Through the above processing, the control unit 210 reduces the number of automatic time corrections by 1 time every 1 week when the time correction processing continuously fails. When the time adjustment process has failed continuously for 3 weeks or more, the control unit 210 sets the frequency of executing the time adjustment process to 1 time per day.

The control unit 210 can execute the automatic time adjustment process shown in fig. 13 as in the fourth embodiment, based on the number of automatic time adjustments set by the above process.

As described above, the control unit 210 of the electronic timepiece 1 according to the present embodiment decreases the frequency of executing the time adjustment processing as the period during which the time adjustment processing continuously fails becomes longer. Therefore, the frequency of executing the time adjustment process is reduced during a period in which the electronic timepiece 1 cannot be connected to an external device, and thus the power consumption of the electronic timepiece 1 can be further suppressed.

The present invention is not limited to the above embodiment, and various modifications can be made.

For example, in the first to seventh embodiments, the description has been given of an example in which the electronic timepiece 1 receives the external time by performing wireless communication by BLE with the external device. However, the method of communication between the electronic timepiece 1 and the external device is not limited to this. For example, the electronic timepiece 1 may use a transmitter of a long-wave standard radio wave or a GPS (Global positioning system) satellite as an external device, and correct the time counted by the counter 241 based on the long-wave standard radio wave or the GPS radio wave received therefrom.

Next, a modified example in which the electronic timepiece 1 according to the first embodiment corrects the time by receiving a long-wave standard radio wave or a GPS radio wave, not by wireless communication with an external device based on BLE, will be described. Fig. 21 is a flowchart of the time adjustment process executed by the control unit 210 of the electronic timepiece 1 according to the modification in place of the time adjustment process according to the first embodiment shown in fig. 7.

First, the control unit 210 receives a long-wave standard radio wave or a GPS radio wave via the communication unit 244 (step S1401). When receiving the long-wave standard radio wave, the transmitting station of the long-wave standard radio wave may be selected based on the HT time difference (city code).

Then, the control unit 210 generates information of the date and time of the received area and 1/256 seconds based on the received long-wave standard radio wave or GPS radio wave (step S1402).

Next, the control unit 210 determines whether or not the automatic time adjustment counter 229 is 0 (step S1403). If the automatic time adjustment counter 229 is not 0 (no in step S1403), it is determined whether or not the absolute value of the difference between the HT date and time and the generated date and time stored in the HT date and time memory 223 is 7.5 minutes or less (step S1404). If the absolute value is not less than 7.5 minutes (no in step S1404), the control unit 210 returns to step S401 of the automatic time adjustment process shown in fig. 6.

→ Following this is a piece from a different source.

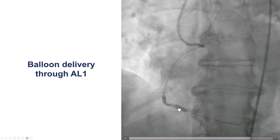Now we were able to deliver a balloon to the lesion. However, we now have a different problem, which is that the balloon is not expanding. We first had a balloon uncrossable lesion that we overcame with more support, but now we have a balloon undilatable lesion.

If the automatic time adjustment counter 229 is 0 (yes in step S1403), or if the absolute value of the difference between the HT date and time and the generated date and time stored in the HT date and time memory 223 is 7.5 minutes or less (yes in step S1404), the control unit 210 sets the generated information of 1/256 seconds in the 1/256-second memory 227 and sets the generated date and time in the HT date and time memory 223 (step S1405). In addition, unlike the first embodiment, in the present modification, the information of the daylight saving time and the time difference are not corrected.

Next, the control unit 210 adds the time difference stored in the DT time difference memory 224 and the daylight saving time information stored in the DT _ DST memory 225 to the coordinated Universal Time (UTC) calculated by subtracting the time difference stored in the HT time difference memory 221 and the daylight saving time information stored in the HT _ DST memory 222 from the time of the residence time stored in the HT time memory 223, thereby obtaining the time of the two places and setting the date and time in the DT time memory 226 (step S1406). Then, the control unit 210 returns to step S401 of the automatic time adjustment process shown in fig. 6.

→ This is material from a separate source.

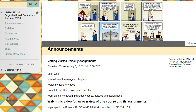Hi and welcome to MBA 592 Organizational Behavior for the summer 2018. This is the video syllabus — a getting started video to help you understand how this course is going to work, what your responsibilities are, and what the best ways of achieving the learning goals of the course are.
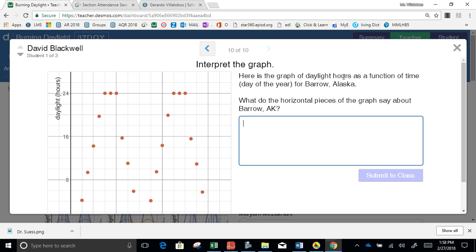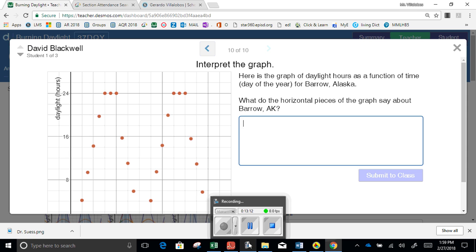So here's the graph of the daylight hours as a function of the time of year for Barrow, Alaska. What do you think the horizontal pieces of the graph say about Barrow, Alaska? Why are there 24 hours of daylight? Can you have more than 24 hours, or lower than zero hours? We'll leave that for you to finish.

Through the above processing, the electronic timepiece 1 of the present modification can correct the time counted by the counter 241 based on the long-wave standard radio wave or the GPS radio wave. In addition, as in the first embodiment, the electronic timepiece 1 of the present modification example makes the frequency of executing the time adjustment processing higher than the frequency before receiving the time adjustment operation until a predetermined time elapses after the operation unit 243 receives the time adjustment operation, and thus, even when the time zone is changed after the time of the electronic timepiece 1 is manually adjusted, the time can be quickly adjusted. Further, since the control unit 210 of the electronic timepiece 1 returns to the original frequency after a predetermined time has elapsed since the time correction operation was received, an increase in power consumption due to the time correction processing can be suppressed.

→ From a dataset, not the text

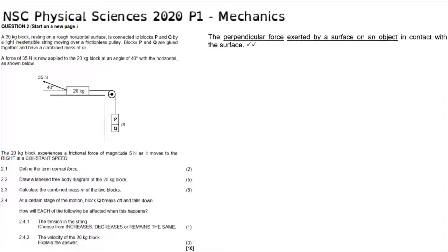There are a number of important things to realize. First, the 20-kilogram block is on a rough horizontal surface, meaning there is a frictional force acting on it as it moves. Second, the force is applied at an angle of 40 degrees, so there will be a horizontal and a vertical component of that force acting on the block. Finally, the block is moving to the right, and since this is a single system, blocks P and Q must be moving downward because they are linked by the light inextensible string.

The above-described flowchart is a flowchart of the case where the electronic timepiece 1 according to the first embodiment corrects the time by receiving the long-wave standard radio wave or the GPS radio wave, not by wireless communication with an external device based on BLE, but is also applicable to the electronic timepieces 1 according to the second to seventh embodiments.

In the above description, the ROM102 configured by a nonvolatile memory such as a flash memory is described as an example of a computer-readable medium storing programs related to various processes of the present invention. However, the medium that can be Read by the computer is not limited to this, and a portable recording medium such as an HDD (Hard Disk Drive), a CD-ROM (Compact Disc Read Only Memory), or a DVD (Digital Versatile Disc) may be applied. In addition, as a medium for supplying data of the program of the present invention via a communication line, a carrier wave may also be applied to the present invention.

In addition, the specific details such as the structure, the control procedure, and the display example shown in the above embodiments may be appropriately changed without departing from the scope of the gist of the present invention.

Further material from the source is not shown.